__WHAT THE TASK ASKS__
Give back each line of the data exactly as it reads, minus the pictures.

__MATERIAL SUPPLIED__
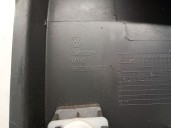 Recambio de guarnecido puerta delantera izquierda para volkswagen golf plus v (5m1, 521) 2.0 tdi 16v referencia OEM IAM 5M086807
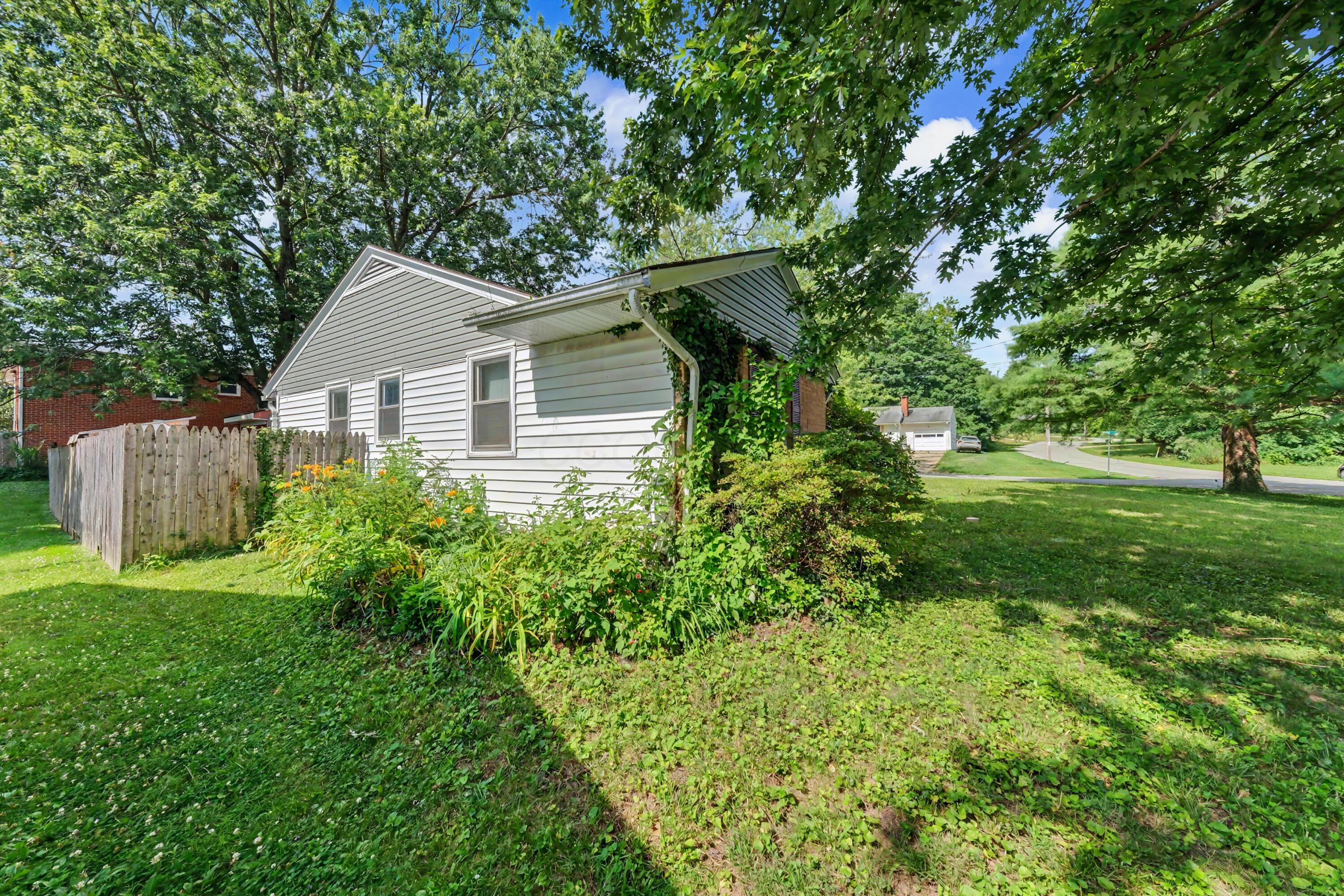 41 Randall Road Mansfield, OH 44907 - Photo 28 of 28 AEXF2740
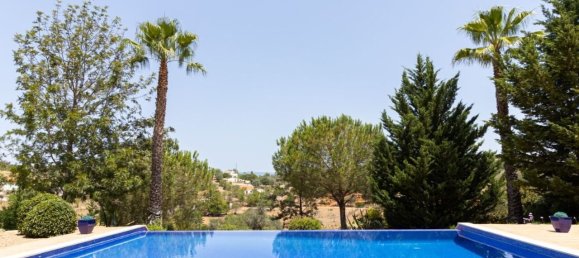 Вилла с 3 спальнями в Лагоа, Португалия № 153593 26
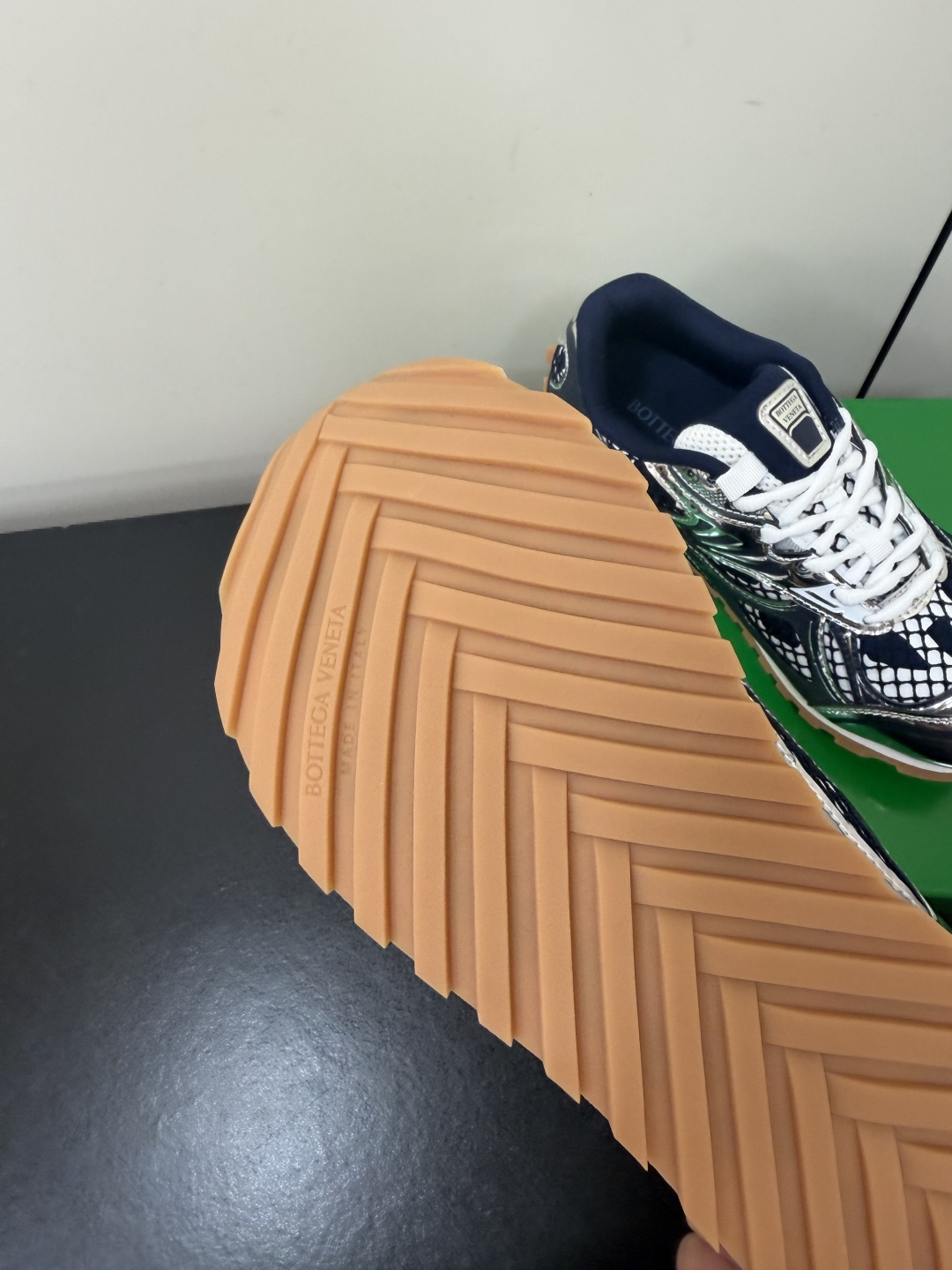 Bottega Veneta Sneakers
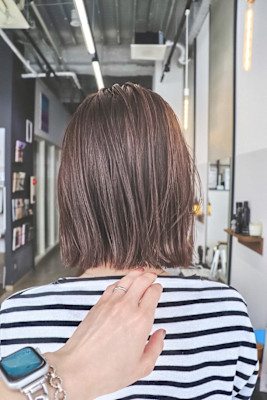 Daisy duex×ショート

__RESPONSE TO THE EXERCISE__
 Recambio de guarnecido puerta delantera izquierda para volkswagen golf plus v (5m1, 521) 2.0 tdi 16v referencia OEM IAM 5M086807
 41 Randall Road Mansfield, OH 44907 - Photo 28 of 28 AEXF2740
 Вилла с 3 спальнями в Лагоа, Португалия № 153593 26
 Bottega Veneta Sneakers
 Daisy duex×ショート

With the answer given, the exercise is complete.